Editorial: Plant Trees. Plant Lots of Trees. An Inconvenient Truth
by Dirk Brinkman

For 10 years the silviculture contractor’s cruel reality was a declining forest sector driving lower prices, fewer trees per hectare, and less tending funding. Prices in shrinking markets fell and experienced contractors, field supervisors and planters left. Reduced forest funding and expertise has placed Canada’s forest health at risk. 
Canadian Silviculture magazine’s contribution was to promote 2 new market drivers for forest management: carbon funded reforestation and bioenergy - 2 challenging initiatives with a current federal government supported by oil interests. 
This magazine’s causes were just joined by a potent movie called An Inconvenient Truth. Expertly set in the tragedy of Al Gore’s unsuccessful life mission to prevent climate change by becoming the US President, it tells the story of his subsequent years of penance - giving his climate lecture ‘over a 1,000 times’. The lecture encapsulates Gore’s learning journey to make the science accessible. Content is honed by his awareness that only indisputable facts can survive the cynical reception given to a known presidential aspirant. 
A refining cauldron for simplifying the science was urgently needed for this complex issue. It resulted in a powerful and compelling presentation of the facts underlying the science and risks of climate change. Gore’s most persuasive image is his summary of last year’s report on 650,000 years of ice core data (see graph below). 
“At no point in the last 650,000 years before the pre-industrial era did the CO2 concentration go above 300 parts per million. The grey line shows the world’s temperature over the same 650,000 years. And within 45 years this (2050 & 600ppm) is where the CO2 levels will be if we do not make dramatic changes quickly. There is not a single part of this graph - no fact, date or number - that is controversial in any way or in dispute by anybody. If we allow this to happen, it will condemn future generations to a catastrophically diminished future.”

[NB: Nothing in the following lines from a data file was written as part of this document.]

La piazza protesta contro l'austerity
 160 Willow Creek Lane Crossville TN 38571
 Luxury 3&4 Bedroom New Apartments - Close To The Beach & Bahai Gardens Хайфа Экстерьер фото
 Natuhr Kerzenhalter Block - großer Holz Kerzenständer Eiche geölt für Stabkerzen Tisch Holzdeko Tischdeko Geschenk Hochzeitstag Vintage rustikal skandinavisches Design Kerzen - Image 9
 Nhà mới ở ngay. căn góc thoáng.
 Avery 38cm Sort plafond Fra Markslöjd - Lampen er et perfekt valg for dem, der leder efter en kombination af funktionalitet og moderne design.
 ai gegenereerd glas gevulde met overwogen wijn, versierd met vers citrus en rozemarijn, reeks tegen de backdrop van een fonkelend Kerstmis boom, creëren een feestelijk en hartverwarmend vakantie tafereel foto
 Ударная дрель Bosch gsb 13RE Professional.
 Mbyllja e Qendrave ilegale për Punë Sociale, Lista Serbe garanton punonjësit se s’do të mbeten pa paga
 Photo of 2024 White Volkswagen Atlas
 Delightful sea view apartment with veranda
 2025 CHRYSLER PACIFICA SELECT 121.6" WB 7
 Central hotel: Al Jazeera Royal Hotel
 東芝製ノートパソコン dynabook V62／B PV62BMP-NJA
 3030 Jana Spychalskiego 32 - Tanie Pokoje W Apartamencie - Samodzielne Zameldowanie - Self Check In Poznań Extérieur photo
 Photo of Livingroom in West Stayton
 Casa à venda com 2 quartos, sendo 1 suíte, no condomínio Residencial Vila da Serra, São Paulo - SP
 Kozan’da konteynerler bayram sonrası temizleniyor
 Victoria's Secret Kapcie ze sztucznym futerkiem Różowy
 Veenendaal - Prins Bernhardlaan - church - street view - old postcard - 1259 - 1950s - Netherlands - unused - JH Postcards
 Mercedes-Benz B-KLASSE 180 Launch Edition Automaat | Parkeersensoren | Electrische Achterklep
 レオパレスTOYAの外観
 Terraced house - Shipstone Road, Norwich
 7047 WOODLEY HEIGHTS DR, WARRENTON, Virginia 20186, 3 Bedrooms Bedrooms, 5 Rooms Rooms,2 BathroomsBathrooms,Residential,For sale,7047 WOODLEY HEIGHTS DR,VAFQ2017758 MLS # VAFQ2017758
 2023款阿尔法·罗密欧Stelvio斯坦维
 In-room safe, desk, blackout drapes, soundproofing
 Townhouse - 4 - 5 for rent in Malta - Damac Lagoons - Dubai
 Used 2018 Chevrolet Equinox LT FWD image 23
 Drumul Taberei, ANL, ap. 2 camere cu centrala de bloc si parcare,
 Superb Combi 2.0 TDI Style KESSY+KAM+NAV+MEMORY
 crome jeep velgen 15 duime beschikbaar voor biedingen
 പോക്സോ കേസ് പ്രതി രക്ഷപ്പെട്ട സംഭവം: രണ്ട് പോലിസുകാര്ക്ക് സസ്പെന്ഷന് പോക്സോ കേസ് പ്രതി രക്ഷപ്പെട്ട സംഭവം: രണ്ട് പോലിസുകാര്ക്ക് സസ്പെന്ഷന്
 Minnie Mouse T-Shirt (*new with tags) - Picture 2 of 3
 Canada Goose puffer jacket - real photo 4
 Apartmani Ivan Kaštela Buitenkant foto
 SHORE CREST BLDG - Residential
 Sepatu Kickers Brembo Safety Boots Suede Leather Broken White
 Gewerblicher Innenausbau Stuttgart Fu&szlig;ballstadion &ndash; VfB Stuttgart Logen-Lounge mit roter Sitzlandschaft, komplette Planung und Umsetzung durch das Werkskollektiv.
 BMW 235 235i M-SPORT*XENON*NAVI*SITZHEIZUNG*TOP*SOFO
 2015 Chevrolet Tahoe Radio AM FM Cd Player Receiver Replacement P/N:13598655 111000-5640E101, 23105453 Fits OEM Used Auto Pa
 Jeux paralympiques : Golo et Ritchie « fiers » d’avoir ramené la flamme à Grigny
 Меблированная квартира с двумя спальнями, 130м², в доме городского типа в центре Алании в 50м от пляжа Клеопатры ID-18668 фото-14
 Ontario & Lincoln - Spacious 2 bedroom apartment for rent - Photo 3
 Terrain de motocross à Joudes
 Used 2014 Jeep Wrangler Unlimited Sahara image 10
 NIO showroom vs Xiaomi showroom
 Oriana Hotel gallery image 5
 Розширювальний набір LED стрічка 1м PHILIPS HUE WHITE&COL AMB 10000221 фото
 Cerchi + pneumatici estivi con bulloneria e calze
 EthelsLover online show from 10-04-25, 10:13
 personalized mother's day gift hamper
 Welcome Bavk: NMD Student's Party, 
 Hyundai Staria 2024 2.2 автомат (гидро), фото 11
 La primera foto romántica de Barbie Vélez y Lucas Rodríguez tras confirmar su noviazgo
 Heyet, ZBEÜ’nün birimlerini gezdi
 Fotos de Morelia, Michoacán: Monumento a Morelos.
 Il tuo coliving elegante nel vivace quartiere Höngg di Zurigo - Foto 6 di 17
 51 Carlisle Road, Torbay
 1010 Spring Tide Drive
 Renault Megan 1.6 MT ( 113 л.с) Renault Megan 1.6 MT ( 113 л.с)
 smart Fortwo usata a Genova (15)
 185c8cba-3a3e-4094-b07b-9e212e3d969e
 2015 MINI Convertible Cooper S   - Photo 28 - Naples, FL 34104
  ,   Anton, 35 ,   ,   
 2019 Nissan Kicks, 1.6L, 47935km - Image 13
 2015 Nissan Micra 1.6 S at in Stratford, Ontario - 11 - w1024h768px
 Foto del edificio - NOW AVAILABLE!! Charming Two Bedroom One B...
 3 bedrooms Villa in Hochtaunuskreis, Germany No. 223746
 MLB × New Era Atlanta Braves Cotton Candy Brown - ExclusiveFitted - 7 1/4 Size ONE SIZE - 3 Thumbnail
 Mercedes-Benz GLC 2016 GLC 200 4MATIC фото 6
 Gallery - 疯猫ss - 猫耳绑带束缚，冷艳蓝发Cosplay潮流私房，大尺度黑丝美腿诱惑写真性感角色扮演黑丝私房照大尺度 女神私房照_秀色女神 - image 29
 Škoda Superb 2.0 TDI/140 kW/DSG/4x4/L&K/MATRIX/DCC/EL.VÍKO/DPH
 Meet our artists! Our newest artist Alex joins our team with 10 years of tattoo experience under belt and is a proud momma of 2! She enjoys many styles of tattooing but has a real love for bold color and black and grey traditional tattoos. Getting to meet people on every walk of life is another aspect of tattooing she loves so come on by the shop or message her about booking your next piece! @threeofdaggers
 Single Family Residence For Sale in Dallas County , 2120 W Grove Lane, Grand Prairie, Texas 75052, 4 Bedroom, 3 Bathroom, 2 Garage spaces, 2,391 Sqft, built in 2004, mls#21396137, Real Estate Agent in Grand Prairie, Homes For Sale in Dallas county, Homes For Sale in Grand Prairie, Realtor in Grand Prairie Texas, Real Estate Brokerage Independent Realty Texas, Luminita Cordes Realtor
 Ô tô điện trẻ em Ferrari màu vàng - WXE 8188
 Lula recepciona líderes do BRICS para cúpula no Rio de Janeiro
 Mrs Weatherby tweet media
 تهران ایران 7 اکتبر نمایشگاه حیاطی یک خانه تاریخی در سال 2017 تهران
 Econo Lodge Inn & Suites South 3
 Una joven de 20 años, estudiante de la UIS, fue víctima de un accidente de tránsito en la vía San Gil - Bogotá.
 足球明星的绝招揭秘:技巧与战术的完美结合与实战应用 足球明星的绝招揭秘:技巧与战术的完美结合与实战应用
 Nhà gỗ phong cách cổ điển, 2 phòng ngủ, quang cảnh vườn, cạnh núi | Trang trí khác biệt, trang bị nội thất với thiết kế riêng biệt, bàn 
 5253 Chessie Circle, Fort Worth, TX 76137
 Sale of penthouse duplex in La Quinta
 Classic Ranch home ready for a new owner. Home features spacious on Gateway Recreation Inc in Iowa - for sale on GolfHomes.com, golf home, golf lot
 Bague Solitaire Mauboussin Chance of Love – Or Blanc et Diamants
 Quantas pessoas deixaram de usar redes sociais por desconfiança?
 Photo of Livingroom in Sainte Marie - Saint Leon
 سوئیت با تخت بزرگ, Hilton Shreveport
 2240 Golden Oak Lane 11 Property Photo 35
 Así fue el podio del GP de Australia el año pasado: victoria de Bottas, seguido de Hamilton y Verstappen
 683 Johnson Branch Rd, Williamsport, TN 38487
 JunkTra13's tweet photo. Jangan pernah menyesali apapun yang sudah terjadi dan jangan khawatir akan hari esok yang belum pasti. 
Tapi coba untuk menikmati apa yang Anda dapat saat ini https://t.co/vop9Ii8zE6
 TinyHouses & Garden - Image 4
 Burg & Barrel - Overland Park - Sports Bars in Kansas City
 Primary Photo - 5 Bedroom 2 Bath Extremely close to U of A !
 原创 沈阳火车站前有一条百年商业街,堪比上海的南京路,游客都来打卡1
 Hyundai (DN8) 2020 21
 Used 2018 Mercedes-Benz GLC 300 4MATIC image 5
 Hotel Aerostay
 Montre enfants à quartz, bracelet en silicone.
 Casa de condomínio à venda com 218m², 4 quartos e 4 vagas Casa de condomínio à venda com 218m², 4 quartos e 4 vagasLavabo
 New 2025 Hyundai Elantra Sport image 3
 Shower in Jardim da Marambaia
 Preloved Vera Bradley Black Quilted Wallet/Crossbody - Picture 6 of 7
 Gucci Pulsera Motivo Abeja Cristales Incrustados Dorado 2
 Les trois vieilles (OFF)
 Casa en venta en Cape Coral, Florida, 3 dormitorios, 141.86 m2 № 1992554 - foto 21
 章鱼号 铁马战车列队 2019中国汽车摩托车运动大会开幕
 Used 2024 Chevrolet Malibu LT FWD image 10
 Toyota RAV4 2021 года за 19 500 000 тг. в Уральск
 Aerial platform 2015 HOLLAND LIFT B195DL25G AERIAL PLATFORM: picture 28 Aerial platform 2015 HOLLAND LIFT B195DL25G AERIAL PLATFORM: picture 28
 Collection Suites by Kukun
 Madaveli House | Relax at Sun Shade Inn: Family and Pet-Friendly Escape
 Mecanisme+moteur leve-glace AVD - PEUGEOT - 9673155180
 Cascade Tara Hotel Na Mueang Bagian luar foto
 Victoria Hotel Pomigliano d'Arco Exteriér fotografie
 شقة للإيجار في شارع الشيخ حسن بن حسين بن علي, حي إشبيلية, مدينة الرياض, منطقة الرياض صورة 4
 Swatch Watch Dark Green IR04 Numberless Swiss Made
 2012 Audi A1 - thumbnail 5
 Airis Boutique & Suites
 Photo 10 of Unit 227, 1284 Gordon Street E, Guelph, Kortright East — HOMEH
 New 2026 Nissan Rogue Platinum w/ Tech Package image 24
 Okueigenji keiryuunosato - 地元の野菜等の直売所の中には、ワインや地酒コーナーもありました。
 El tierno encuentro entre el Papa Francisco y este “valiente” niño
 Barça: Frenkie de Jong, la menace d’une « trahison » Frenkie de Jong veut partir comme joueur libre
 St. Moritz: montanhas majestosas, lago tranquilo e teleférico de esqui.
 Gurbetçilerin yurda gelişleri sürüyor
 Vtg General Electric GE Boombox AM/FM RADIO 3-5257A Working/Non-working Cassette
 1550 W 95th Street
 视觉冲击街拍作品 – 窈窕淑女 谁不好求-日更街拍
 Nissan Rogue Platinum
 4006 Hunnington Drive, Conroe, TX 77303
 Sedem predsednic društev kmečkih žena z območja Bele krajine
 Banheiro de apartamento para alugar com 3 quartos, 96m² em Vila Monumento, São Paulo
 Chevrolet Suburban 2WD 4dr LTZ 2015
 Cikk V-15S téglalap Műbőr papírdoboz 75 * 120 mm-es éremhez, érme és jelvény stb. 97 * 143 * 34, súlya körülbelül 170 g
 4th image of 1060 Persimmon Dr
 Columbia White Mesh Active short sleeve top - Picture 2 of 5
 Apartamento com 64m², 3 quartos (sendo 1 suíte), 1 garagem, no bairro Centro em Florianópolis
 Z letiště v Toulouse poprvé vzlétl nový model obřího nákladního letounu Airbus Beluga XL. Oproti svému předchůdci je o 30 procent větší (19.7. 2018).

A second champion has also joined the fray. Gaia system discoverer James Lovelock, now in his late 80s, published The Revenge of Gaia: why the earth is fighting back - and how we can still save humanity” in April 2006. Gaia is the term he gave earth’s amazing self-regulating capacity, which over the past 4.5 billion years maintained stable conditions favouring life. In changing circumstances earth’s equilibrium phase shifts into other stable, self regulating states - not necessarily as supportive of our present civilization or population. 
Last year’s severe droughts in the Amazon basin fit scientists’ predictions that it may dry and burn up. If the Amazon burns, because surface temperatures will be over 25°C, they predict all soil moisture will transpire until it becomes a desert. Losing the Amazon’s dynamic carbon pool is predicted to add 300 ppm to atmospheric CO2. 
Borneo’s 1997-1998 fires released 40% of the total greenhouse gas emissions that year. Last month I flew over a 5 million hectare 1998 Borneo burn. Some areas are still bare rock, soil, or savannah. The recovering forests are nearly monocultures without the abundant bird life evident in the intact rainforest. 
Lovelock does not give much cause for hope. “Our religions have not yet given us the rules and guidance for our relationship with Gaia…We are no more qualified to be stewards or developers of the earth than are goats to be gardeners.”
But forest gardeners are what we need. The credits for An Inconvenient Truth end with the words “Plant trees. Plant lots of trees.” To add a forest area the size of the Amazon and reduce atmospheric CO2 by 300 ppm would require the engagement of all nations and all potential forest gardeners. It requires 2 things of Canada: afforest between 20 and 50 million hectares of our own marginal farmland, and facilitate afforestation in developing countries by supporting carbon trading through the UN Clean Development Mechanism. 
As forest gardeners we can bring hope by reforesting and afforesting for the future of humanity.